Even now, Toi is not clear about how many instruments he has created. At some point, he always wishes to challenge himself at things that seem impossible to change.

"During my four years in university, I went to Ha Noi Academy of Theatre and Cinema to study clarinet, while learning to play the flute at the Viet Nam National Music Academy in the afternoon. At night, I practiced the clarinet alone on the dormitory's rooftop. Even though I had been on the rooftop before, my schoolmates had to suffer my noisy sound and continued to suffer a long time later, when I practiced playing the flute along with the drums with my feet. It was quite an unforgettable time."

"Back in 1992, I had the crazy idea of playing the flute and conducting a drum orchestra together. I was told I was out of my mind to try and play two instruments with different rhythms. But more than anyone else, I understood it clearly. Over the past seven years, I have worked hard to practice playing those things," says the 55-years-old.

Vietnamese records, Asian records, musical instruments

Pied piper: Mai Dinh Toi plays the orchestra plastic pipe on the night he received the Guinness Asian prize. — VNS Photo

"Those first few days, I had a terrible swelling on my feet and could not walk with shoes. Then I tied chopsticks to my feet and practiced with them until they got better. I also got calloused feet after such a long time!" Toi recalls.

Thanks to all the effort, Toi successfully made his debut on the stage with a smooth and catchy performance, with the combination of flute and drums with his feet. The performance also won him a silver medal in the National Instrument Performance in 1992.

Lately, Toi has on occasions played the flute with his nose, dan nhi (Vietnamese two-chord fiddle) with two neon light bulbs and played the flute with a soft drink bottle or plastic water pipes. His performance with glasses at HCM City's Zoo and Botanical Garden last year with a popular melody amazed the audience.

"It took me five years to master the glass orchestra. I was asked the price of those glasses. Some cost a few dong, others a million dong. The point is many of them have cut me while I wondered how to make their sounds echo perfectly," adds Toi.
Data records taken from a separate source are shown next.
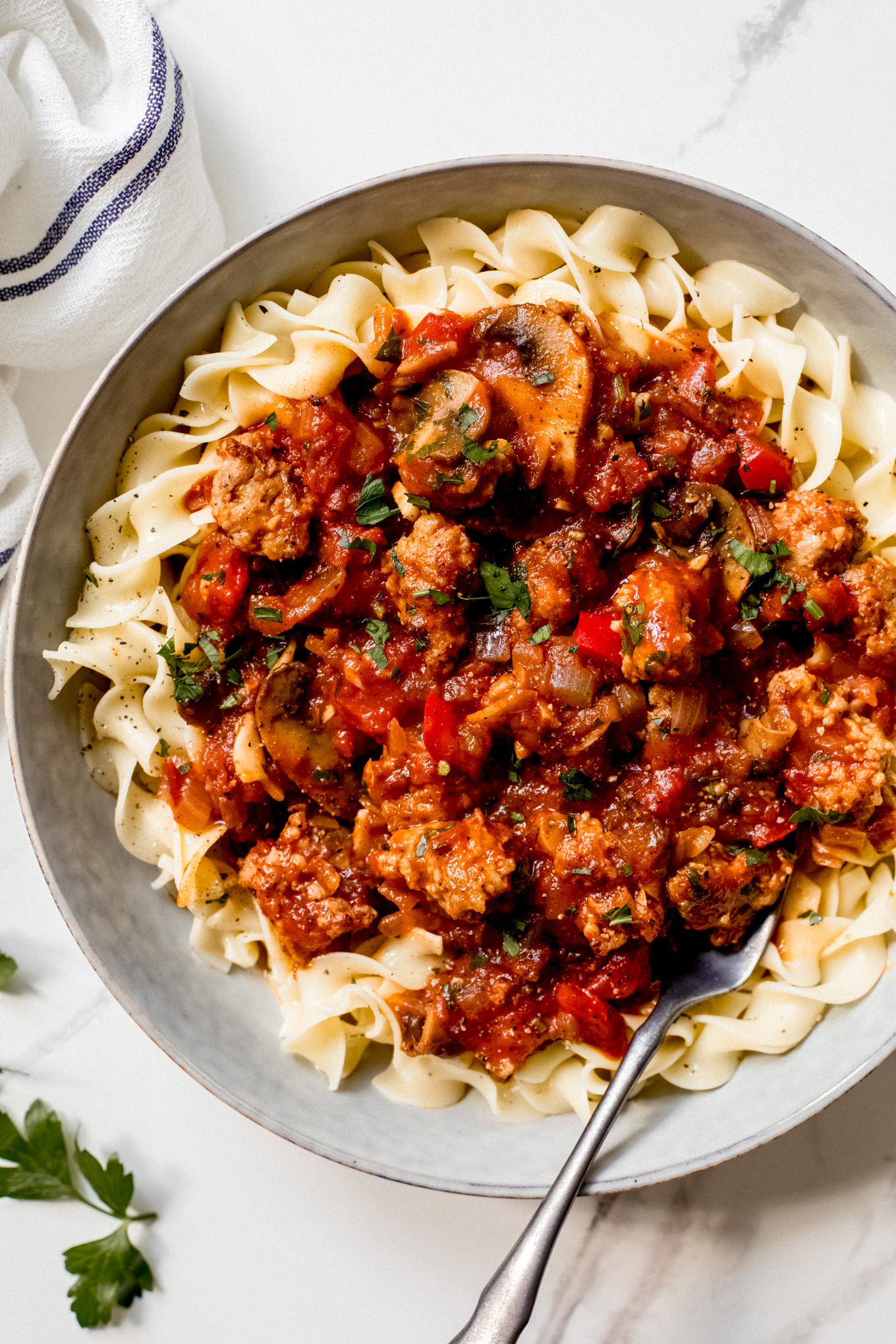 sausage cacciatore over cooked egg noodles.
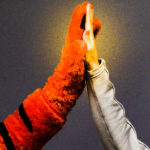 A closeup of the tiger mascot hand high-fiving a white human hand.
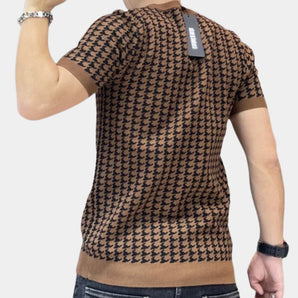 Men's brown houndstooth slim fit tee featuring detailed knit design, displayed on a model with focus on the upper body, highlighting the short sleeves and round neckline.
Having travelled to many countries in Europe and the US, Toi has brought Vietnamese culture to as many corners of the world as possible.

In 2012, Toi was bestowed with the Asia Record Award by Asia Record Centre for the special ability to make musical instruments, as well as for his "talent beyond borders".

At the moment, Toi is planning to form an orchestra made from traditional pottery wares. Born in the countryside, he wishes to create musical instruments that are close to the Vietnamese spirit.

"I have not been able to surpass my limit, and make an orchestra by myself, but I will not give up. There is nothing you cannot achieve once you get true grit," says Toi.